Your objective = Copy every line that holds the string "Chapter" from the data below.
━━━━━ Records shown
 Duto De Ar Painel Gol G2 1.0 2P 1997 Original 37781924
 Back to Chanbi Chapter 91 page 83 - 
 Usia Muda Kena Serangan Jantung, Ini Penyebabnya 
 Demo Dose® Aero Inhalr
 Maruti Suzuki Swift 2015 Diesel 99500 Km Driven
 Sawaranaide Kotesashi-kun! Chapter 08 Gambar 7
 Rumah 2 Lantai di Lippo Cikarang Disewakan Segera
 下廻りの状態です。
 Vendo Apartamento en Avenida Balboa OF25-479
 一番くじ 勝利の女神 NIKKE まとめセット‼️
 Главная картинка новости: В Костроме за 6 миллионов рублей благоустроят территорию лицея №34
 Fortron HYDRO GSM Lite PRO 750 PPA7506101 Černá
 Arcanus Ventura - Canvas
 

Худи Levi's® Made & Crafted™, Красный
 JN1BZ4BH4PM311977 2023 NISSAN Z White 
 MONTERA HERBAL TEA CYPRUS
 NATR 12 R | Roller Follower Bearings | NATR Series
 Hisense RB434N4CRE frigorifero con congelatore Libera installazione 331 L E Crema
━━━━━━━━━━
Response =
 Back to Chanbi Chapter 91 page 83 - 
 Sawaranaide Kotesashi-kun! Chapter 08 Gambar 7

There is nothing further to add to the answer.